Written by Brian Hulela
Updated at 25 Jun 2025, 20:31
4 min read
Edge Detection on Cat and Dog using the Sobel Filter
Object detection relies on identifying important patterns in images, a process known as feature extraction. Convolutional Neural Networks (CNNs) are the backbone of modern object detection systems because they excel at extracting these features. In this chapter, we will explore how CNNs work, their role in feature extraction, and why they are crucial for object detection.
Feature extraction is the process of identifying important characteristics in an image that help distinguish objects. These characteristics include:
Edges – The outlines of objects
Textures – Patterns in the image, such as stripes or spots
Shapes – Geometric structures like circles or rectangles
A CNN extracts these features by applying mathematical operations to the image, detecting patterns at different levels.
Edge Detection Using Sobel Filter
A CNN is a type of deep learning model designed to process images efficiently. It consists of several layers, each with a specific purpose:
Convolutional Layers – Extract important features using filters (kernels).
Activation Function (ReLU) – Introduces non-linearity, allowing the network to learn complex patterns.
Pooling Layers – Reduce the size of feature maps, keeping only essential details.
Fully Connected Layers – Combine extracted features to make predictions.
Each layer refines the image representation, allowing the model to detect increasingly complex patterns.
Convolutional Neural Network showing an input image, passing through convolution, pooling, and fully connected layers.
Convolution is a process where a small matrix (filter/kernel) slides over the input image to detect specific features.
Imagine a 3x3 filter applied to an image. It multiplies pixel values in its region and sums them up to produce a new pixel value in the feature map. This helps in detecting edges, textures, or patterns.
Key properties of convolution:
Stride – The step size of the filter as it moves.
Padding – Adds extra pixels around the image to preserve size.
This image show a 3x3 Laplacian filter scanning over image pixels with a stride of 1, no padding and producing a feature map.

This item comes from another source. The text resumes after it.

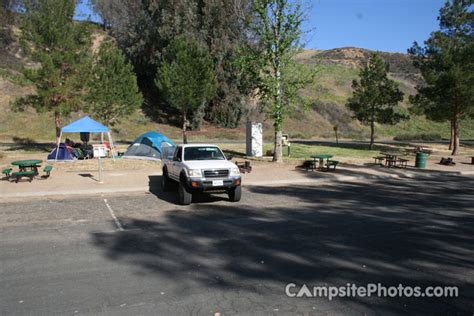 Castaic Lake - Campsite Photos, Camping Info & Reservations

After convolution, we use an activation function called ReLU (Rectified Linear Unit). This function introduces non-linearity, allowing CNNs to detect more complex features.
ReLU works by:
Keeping positive values unchanged
Replacing negative values with zero
This helps prevent unwanted information from passing through the network.

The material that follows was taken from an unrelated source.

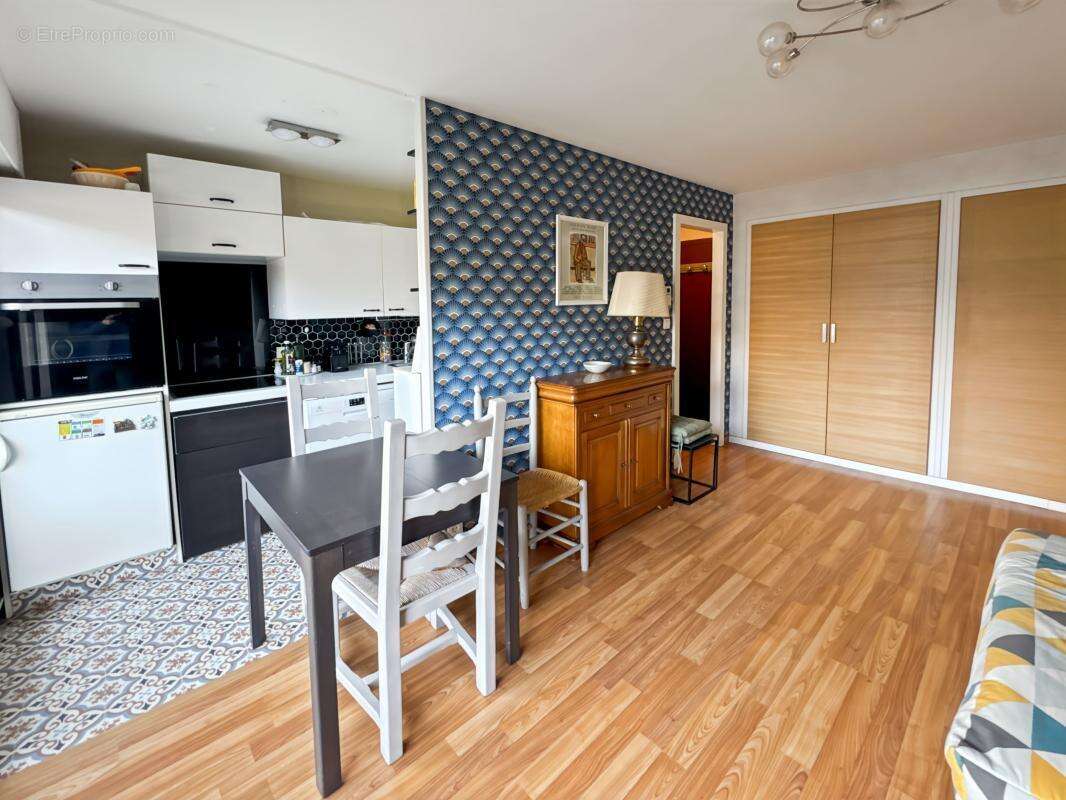 Appartement à DEAUVILLE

ReLu Activation Function Applied on a Feature Map
Pooling is used to reduce the size of feature maps while keeping important information. It helps CNNs be more efficient and less sensitive to small variations in the image.
Max Pooling – Selects the highest value in a region (helps in edge detection).
Average Pooling – Averages the values in a region (smooths out noise).
Max pooling and Average pooling. This image shows a 2x2 pooling operation reducing the image size while preserving key features.
After extracting features, the CNN flattens the feature maps into a 1D vector and passes them through fully connected layers. These layers:
Interpret extracted features
Assign probability scores to object categories
Output the final prediction
This is the last step before the CNN decides what an object is in an image.
CNNs are ideal for object detection because they:
Detect features at different levels (edges, textures, shapes)
Recognize objects regardless of position or scale
Are efficient for processing large datasets
Modern object detection models like YOLO (You Only Look Once), SSD (Single Shot Detector), and Faster R-CNN all use CNNs for feature extraction.